The second method is using the creation and annhilitation operators a+ and a.

$$P^2=a^{+}a^{+}+aa-a^{+}a-aa^{+}$$

$$\phi(x)_na^{+}a^{+}\phi(x)_m=\sqrt{(n+1)(n+2)}\phi(x)_{n,m+2}$$
$$\phi(x)_naa\phi(x)_m=\sqrt{(n-1)(n)}\phi(x)_{n,m-2}$$
$$\phi(x)_na^{+}a\phi(x)_m=n\phi(x)_{n,m}$$
$$\phi(x)_naa^{+}\phi(x)_m=(n+1)\phi(x)_{n,m}$$

But here I only get values for

$$\phi(x)_0,\phi(x)_0;\phi(x)_2,\phi(x)_2;\phi(x)_3,\phi(x)_3$$
those are giving a number and
$$\phi(x)_2,\phi(x)_0$$
which is giving an expression like a*exp(2jwt)

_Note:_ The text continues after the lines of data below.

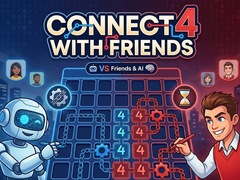                                                                       Connect 4 with Friends ﻞﯿﮭﮐ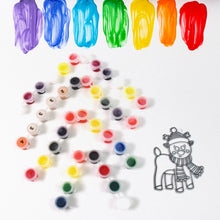 Acrylic Paint Color Kits 1 Set, Multi Color (1 Set) - justgrabit.in | Just Grab It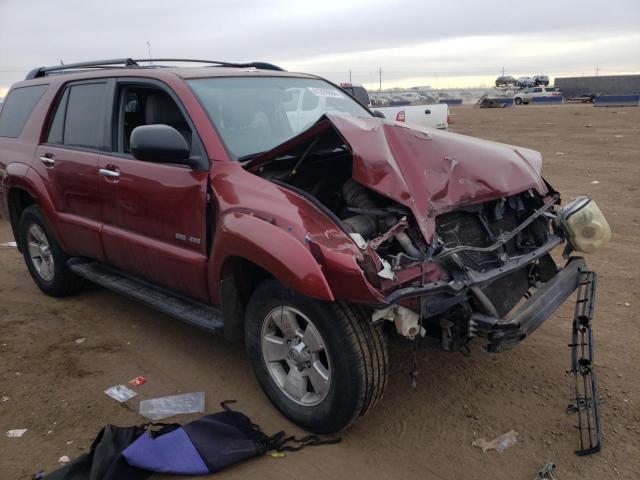 Photo 4 from auction – 2007 TOYOTA 4 RUNNER with VIN JTEBU14R878105176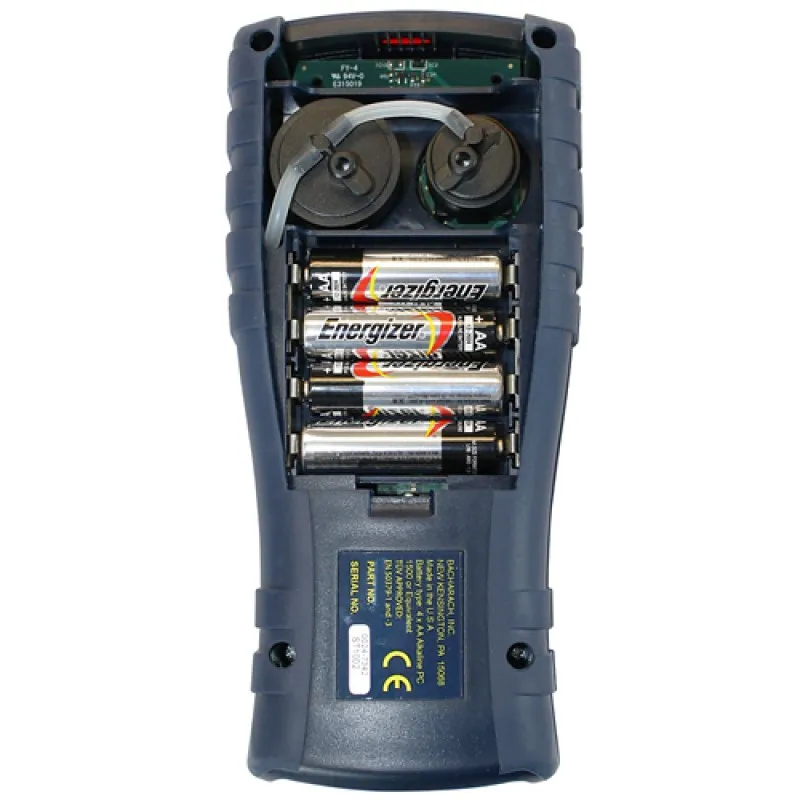 Bacharach Fyrite InTech Combustion Analyzer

The question is: where is the other exp(-2jwt) to form the cos(2wt) of the other solution and why I don't get the same result ... I guess I have to normalise somewhere.

 

[Cyosis]

How do you get a time dependence in your answer? You want to calculate the kinetic energy of a harmonic oscillator so using the creation and annihilation operator is a smart thing to do.
Ignoring all constants, you want to calculate $\langle \varphi |p^2|\varphi \rangle$. You know that, assuming $\phi_n$ is normalized, that $\langle \phi_n |\phi_m\rangle=\delta_{nm}$. Therefore every term will just be a number.

$$\phi(x)_2,\phi(x)_0$$
which is giving an expression like a*exp(2jwt)

How did you get this?

 

[castlemaster]

You are right, the energy should be constant in time.

Then

$$\phi(x)_0a^{+}a^{+}\phi(x)_2=0$$

because the functions of the basis are orthonormal?

 

[Cyosis]

Yes that is correct. On top of that $a^{+}a^{+}\phi(x)_2$ would yield $const*\phi(x)_4$, which isn't even an allowed state in this problem. Same for $a \phi_0$ etc.

 

[castlemaster]

yes, i wanted to put

$$\phi(x)_2a^{+}a^{+}\phi(x)_0=0$$

this gives an allowed state right?

 

[Cyosis]

Yes, because $a^{+}a^{+}\phi(x)_0=const*\phi(x)_2$ and $\phi(x)_2$ is a part of $\varphi(x,0)$. The entire thing should yield $\sqrt{2}$.